----- DATASET RECORDS -----
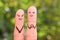 Fingers art of happy couple. Boyfriend showing fingers in heart shape.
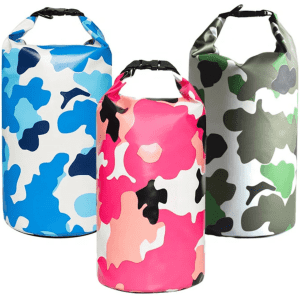 Three waterproof dry bags in vibrant colours: blue-and-white camo, pink-and-white camo, and green-and-black camo, each with a logo.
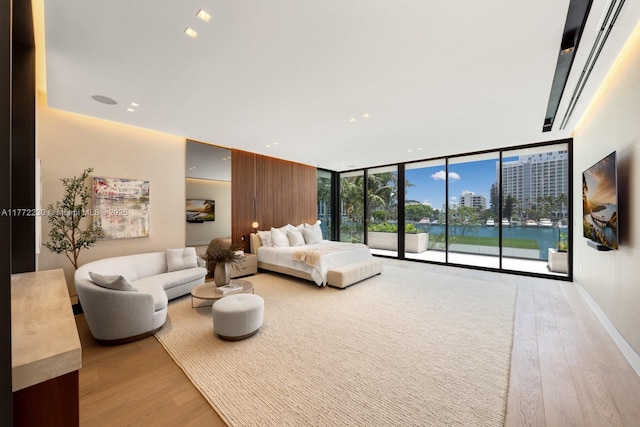 5515 Pine Tree Dr, Miami Beach, FL 33140 - bedroom with light wood-type flooring, a wall of windows, access to outside, and recessed lighting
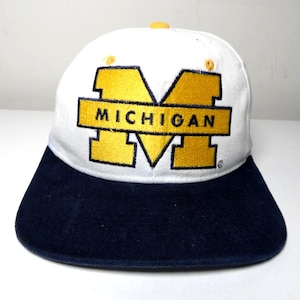 May include: A white baseball cap with a dark blue brim. The front features a large, embroidered yellow block letter M with the word MICHIGAN stitched in dark blue across the centre. A small yellow button sits at the top centre of the crown.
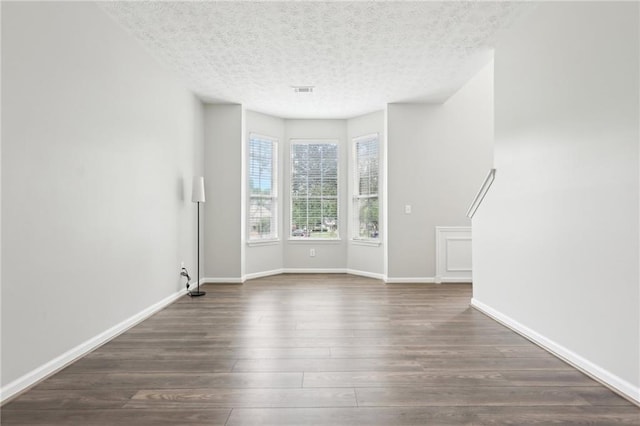 unfurnished living room with baseboards, dark wood-style flooring, and a textured ceiling
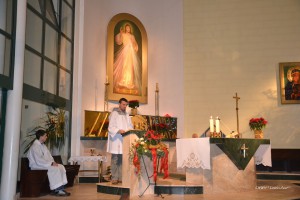 Scena z nabożeństwa w kaplicy: mężczyzna odprawia mszę, a osoba siedzi na ławce w pobliżu ołtarza.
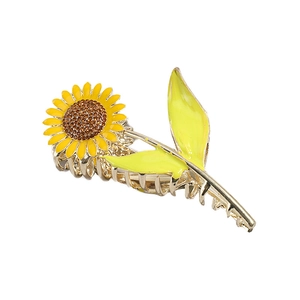 Elegant gold metal sunflower hair claw clip with yellow petals and sparkling crystals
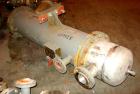 Used: Doyle and Roth shell and tube heat exchanger, 98 square feet, vertical. Carbon steel shell rated 100 psi at 100 deg.f., (126) 3/4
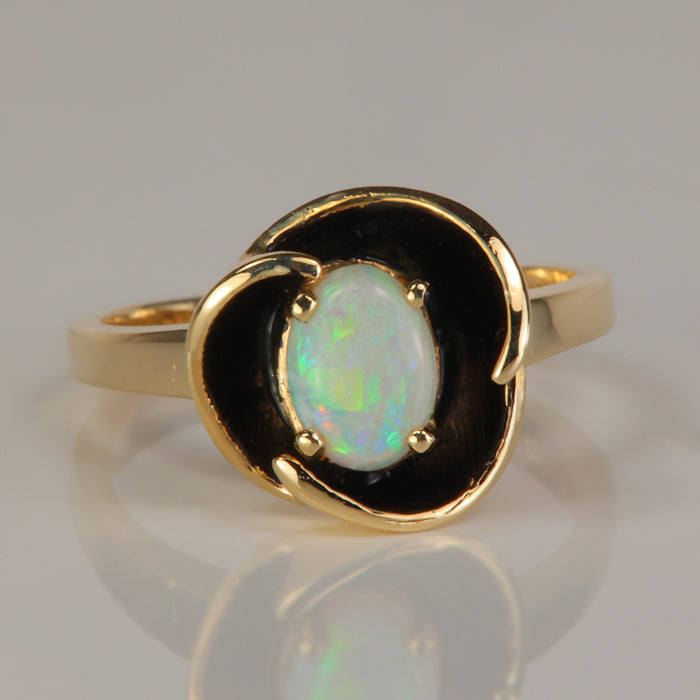 oval cut Australian opal ring with black enamel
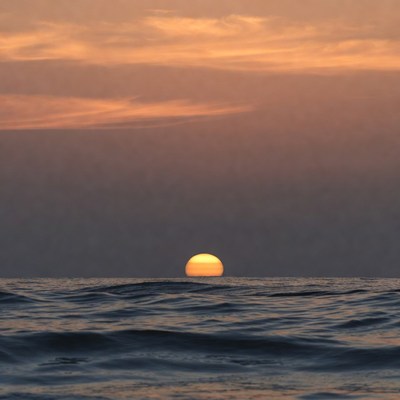 Sunset over ocean horizon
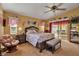 Bright main bedroom with decor, sliding glass door to backyard, and an ensuite bathroom at 127 Jennifer Dr, Rotonda West, FL 33947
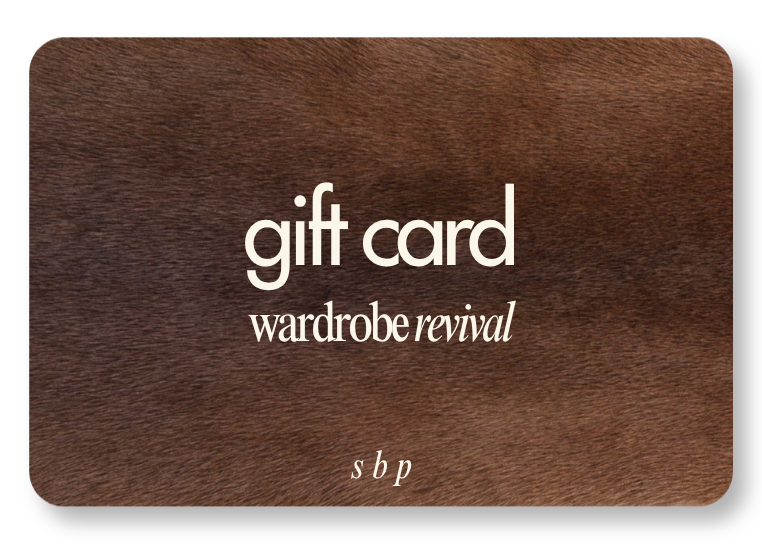 A gift card from Wardrobe Revival with a wood texture background, featuring the words 'gift card' in large font, 'wardrobe revival' below it, and small letters 'sbp' at the bottom.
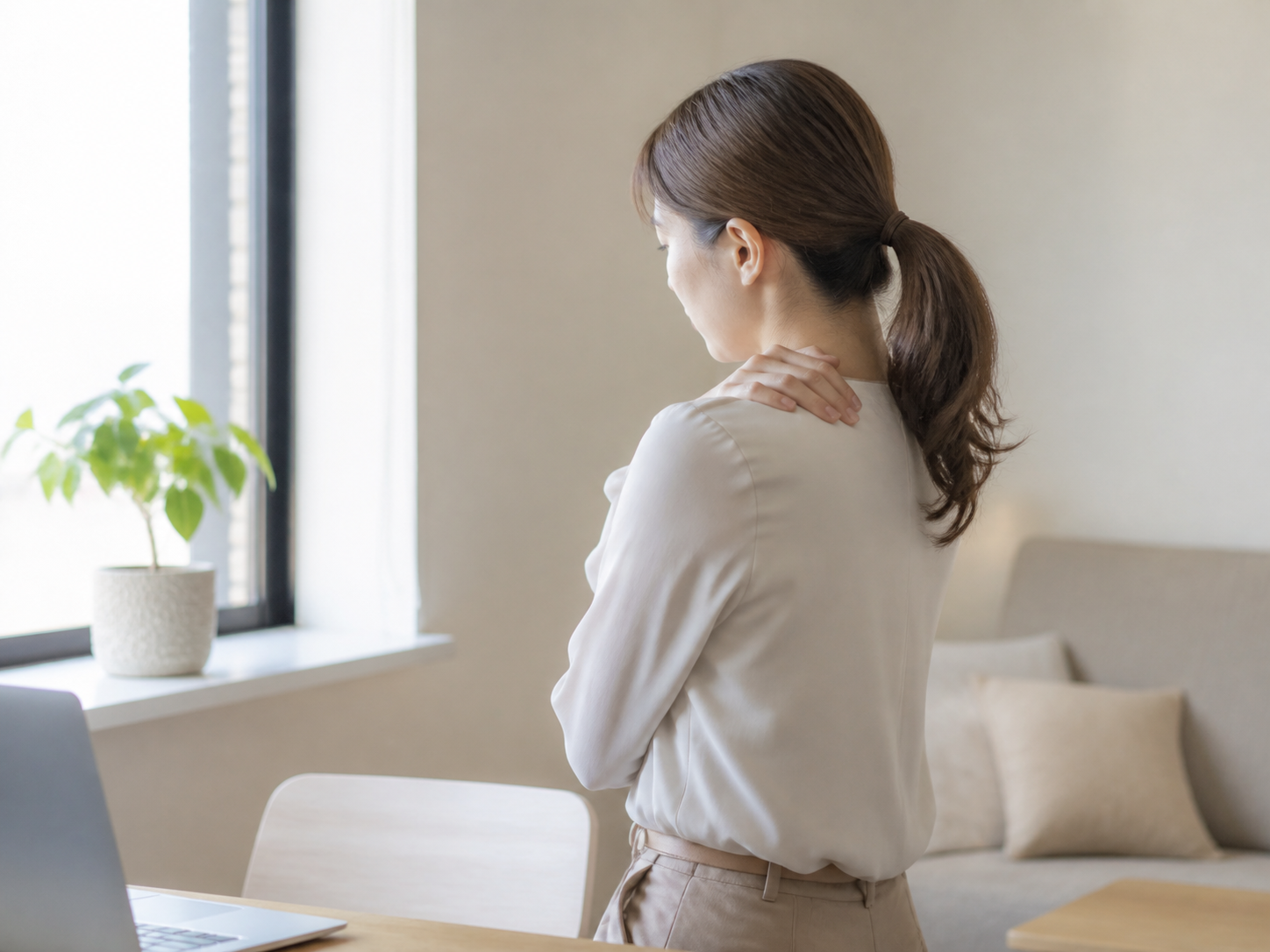 首や肩に手を当てる女性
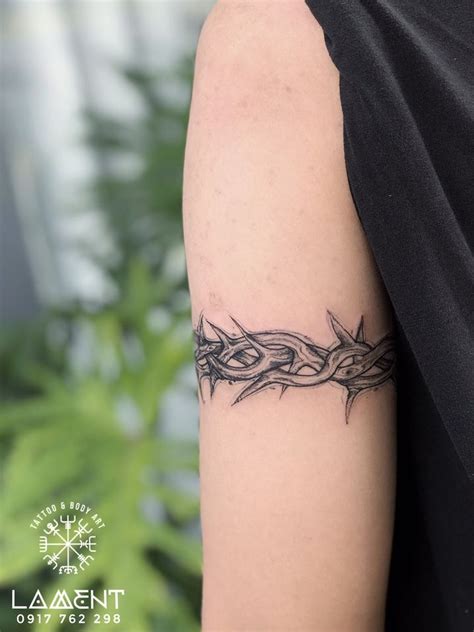 Crown Of Thorns Tattoo on arm | Tattoos, Thorn tattoo, Arm band tattoo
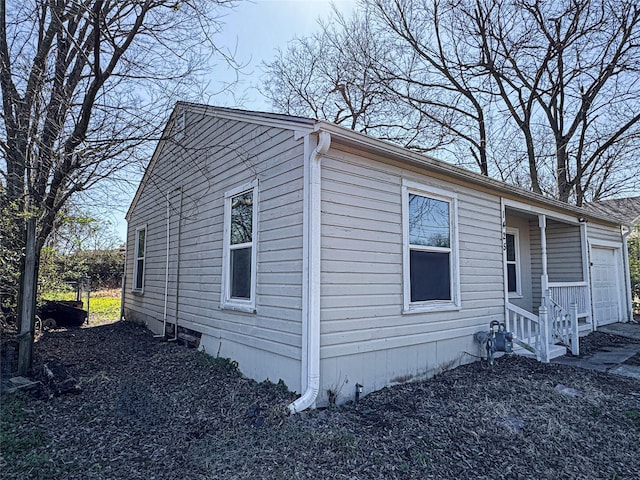 view of side of property with a garage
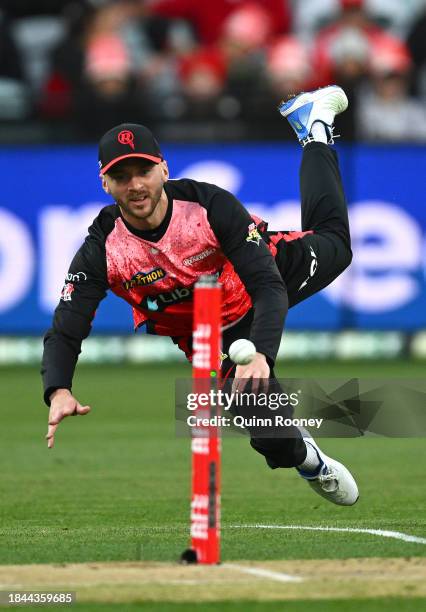 Joe Clarke of the Renegades attempts a run out during the BBL match between Melbourne Renegades and Perth Scorchers at GMHBA Stadium, on December 10...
-----
When you reach the line with "Bright main bedroom" in the records above, start writing out each line exactly, and stop after the line with "view of side of property with a garage". Pictures stay out.

 Bright main bedroom with decor, sliding glass door to backyard, and an ensuite bathroom at 127 Jennifer Dr, Rotonda West, FL 33947
 A gift card from Wardrobe Revival with a wood texture background, featuring the words 'gift card' in large font, 'wardrobe revival' below it, and small letters 'sbp' at the bottom.
 首や肩に手を当てる女性
 Crown Of Thorns Tattoo on arm | Tattoos, Thorn tattoo, Arm band tattoo
 view of side of property with a garage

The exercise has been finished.